Search the entries below for "Advert", and copy each line where it appears.

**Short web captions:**
>>>>>
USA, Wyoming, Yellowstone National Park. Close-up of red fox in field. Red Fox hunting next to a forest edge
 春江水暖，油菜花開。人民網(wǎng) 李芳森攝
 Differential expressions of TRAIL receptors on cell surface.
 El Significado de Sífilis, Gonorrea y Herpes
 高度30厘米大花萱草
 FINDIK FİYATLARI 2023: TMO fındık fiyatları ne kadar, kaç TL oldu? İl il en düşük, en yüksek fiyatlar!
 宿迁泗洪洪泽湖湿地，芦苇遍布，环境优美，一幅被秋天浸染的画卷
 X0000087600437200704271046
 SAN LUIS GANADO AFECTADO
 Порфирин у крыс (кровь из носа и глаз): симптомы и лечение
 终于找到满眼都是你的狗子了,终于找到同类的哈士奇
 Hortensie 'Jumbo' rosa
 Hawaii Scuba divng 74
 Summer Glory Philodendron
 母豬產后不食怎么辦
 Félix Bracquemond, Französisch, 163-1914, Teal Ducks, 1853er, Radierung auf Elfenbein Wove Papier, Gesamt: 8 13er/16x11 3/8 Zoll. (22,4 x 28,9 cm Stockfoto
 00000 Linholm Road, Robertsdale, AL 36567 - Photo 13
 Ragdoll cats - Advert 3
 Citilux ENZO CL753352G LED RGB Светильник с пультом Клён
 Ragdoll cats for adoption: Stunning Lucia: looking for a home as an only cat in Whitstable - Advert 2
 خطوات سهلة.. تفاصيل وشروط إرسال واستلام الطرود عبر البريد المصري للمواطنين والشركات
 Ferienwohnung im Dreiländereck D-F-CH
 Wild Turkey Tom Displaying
<<<<<
**Exercise result:**
 Ragdoll cats - Advert 3
 Ragdoll cats for adoption: Stunning Lucia: looking for a home as an only cat in Whitstable - Advert 2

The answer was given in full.